前两天TPN更新了Firefly “The Train Job”的分析。今天晚上我打开看了。让我惊讶不已的是,他串联了Buffy和Angel中我特别喜欢的两个地方。这几个地方我都特别喜欢,看过很多遍,也想过很多,但串联起来,真的是一种顿悟感觉。

Firefly – “The Train Job”

Joss Whedon, Tim Minear

BOURNE
You were truthful back in town.
These are tough times. Hard to
find yourself work. A man can get
a job, he might not look too close
at what that job is.
(to Mal)
But a man learns all the details
of a situation like ours, well
then he has a choice.

MAL
I don’t believe he does.

Buffy the Vampire Slayer – S2E07 “Lie to Me”

Joss Whedon

FORD:
I don’t have a choice.

BUFFY:
You don’t have a good choice, but you have a choice.

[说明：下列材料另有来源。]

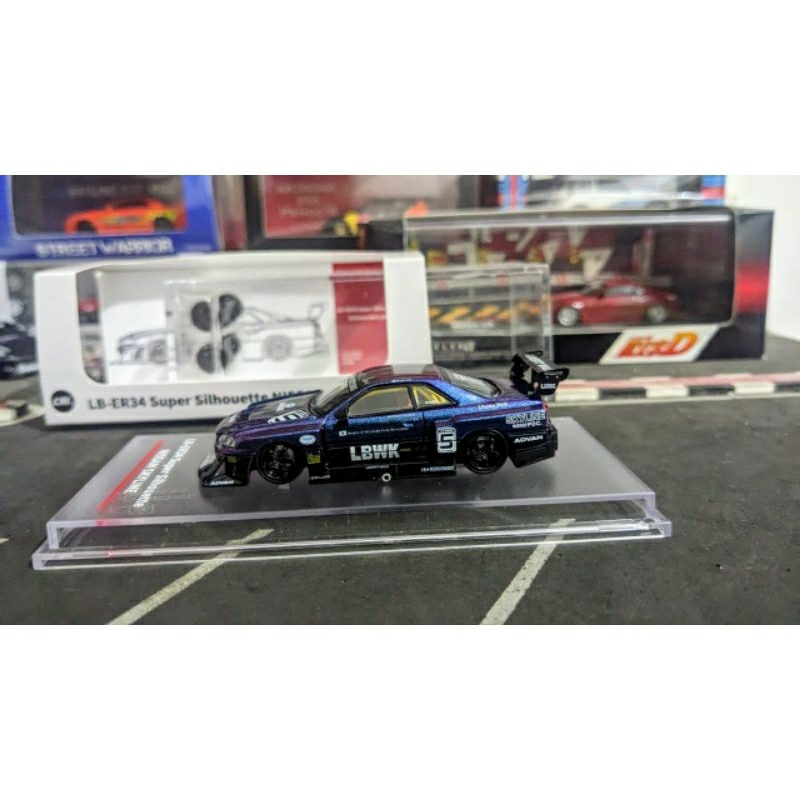 Diecast CM Model Nissan Skyline LB ER34 R34 R34 Blue Black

Buffy的这一集是最早的几集让我感到震动的。第一季五毛钱视觉效果,故事也比较简陋,我主要是因为感动他们这么投入Buffy这个主角而坚持看下去的。我记得很清楚这一集是第一次真的击中我。这是我当时的截图

Angel – S2E16 “Epiphany”

Tim Minear

ANGEL:
In the greater scheme, in the big picture, nothing we do matters. There is no grand plan, no big win. If there is no great, glorious end to all of this, if nothing we do matters, then all it matters is what we do.

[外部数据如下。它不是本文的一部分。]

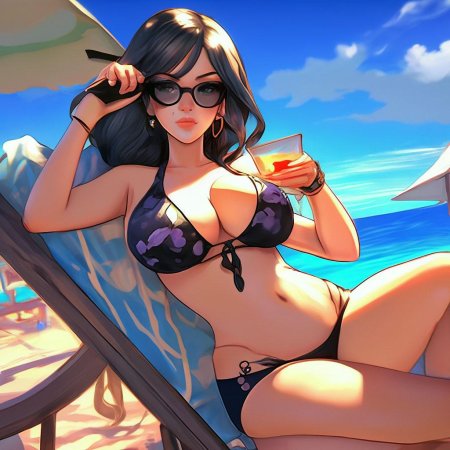 Аниме девушки в бикини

Angel的这一集不用说了,这段话不仅是激励我,还有俄国示威者引用

TPN还没做到Buffy第六季,但是在四年前的“Lie to Me”点评最后一长段独白:

Children, of course, begin life with an untarnished sense of wonder, a capacity to experience total joy at something as simple as the greeness of a leaf. But as they grow older, the awareness of death and decay begins to impinge on their consciousness, and suddenly erode their <French> idealism and their assumption of immortality. As a child matures he sees death and pain everywhere about him and begins to lose his faith in the ultimate goodness of man. But if he’s reasonably strong and lucky, he can emerge from this twilight of the soul into a rebirth of life (?). Both because of and inspite of his awareness of the meaninglessness of life. He can forge a fresh sense of purpose and affirmation. He may not recapture the same pure sense of wonder he was born with. But he can shape something far more enduring and sustaining. The most terrifying thing about the universe is not that it’s hostile, but that it is indifferent. But if we can come to terms with this indifference and accept the challenges of life within the boundaries of death. Our existence as a species can have genuine meaning and fulfillment. However vast the darkness, we must supply our own light.

我发誓这是我最近十年的心声。我自己日记本里写的是“越懂得痛苦,就越懂得快乐”。(不过我很久没有写这样的日记了,因为最近两三年是恐慌。)我就是没有想到这几个剧本写的东西,和我的心声并没有太多出入。